_Brief_
The lines from the one with "West highland terrier salt - terrier, and" through the last line of the material below, copied exactly and free of pictures, make up the whole answer.

_Data shown_

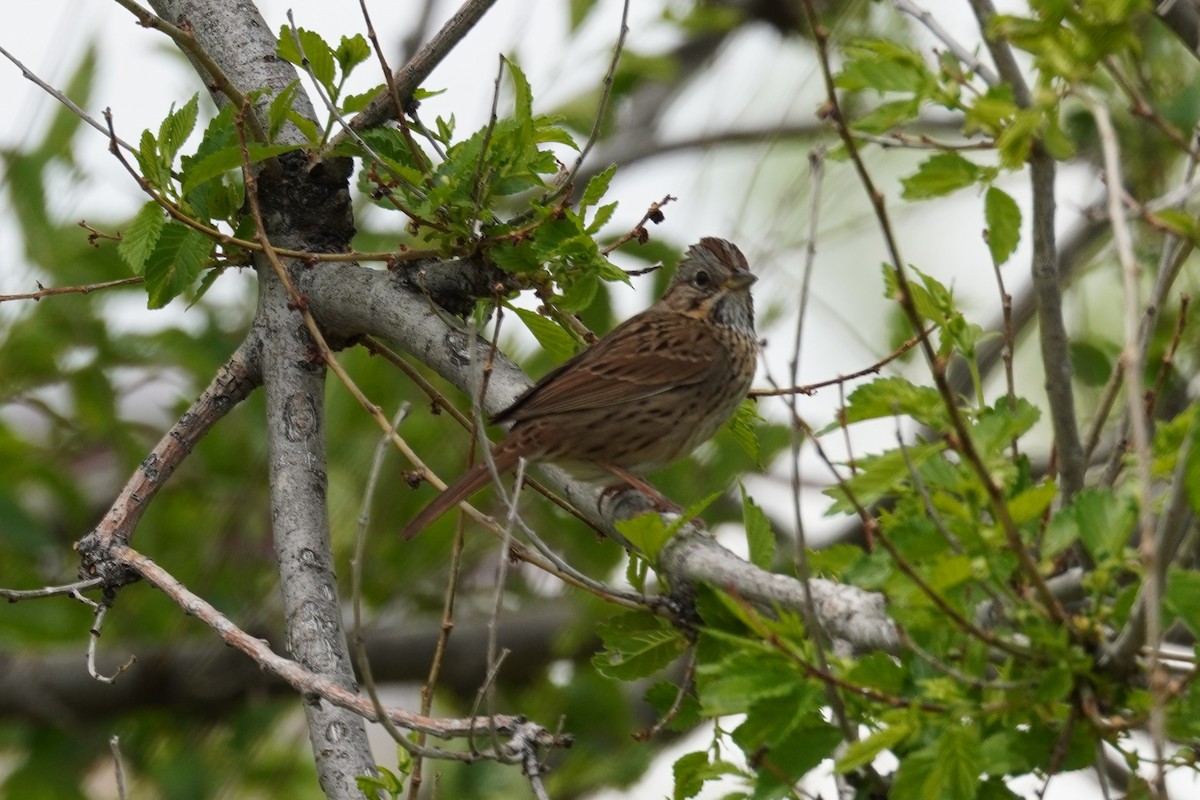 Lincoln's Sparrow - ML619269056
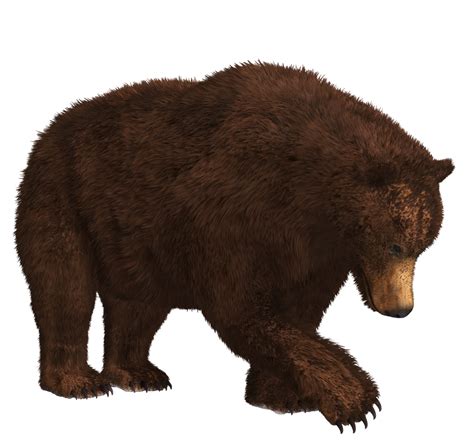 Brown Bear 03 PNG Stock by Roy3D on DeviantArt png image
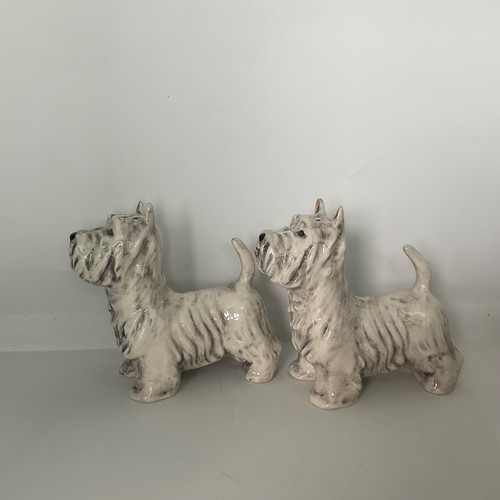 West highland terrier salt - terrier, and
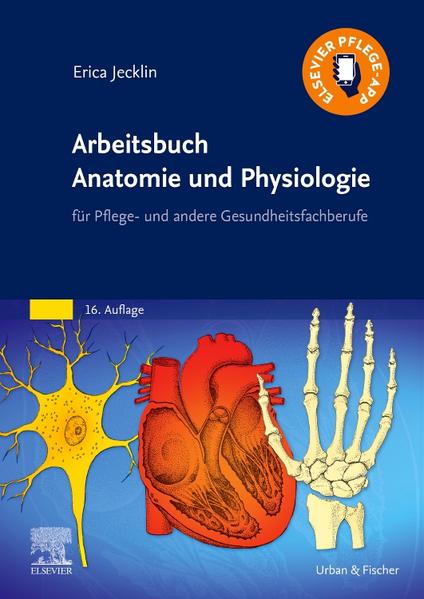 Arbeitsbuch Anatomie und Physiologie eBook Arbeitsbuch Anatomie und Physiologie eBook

_Problem solution_
 West highland terrier salt - terrier, and
 Arbeitsbuch Anatomie und Physiologie eBook Arbeitsbuch Anatomie und Physiologie eBook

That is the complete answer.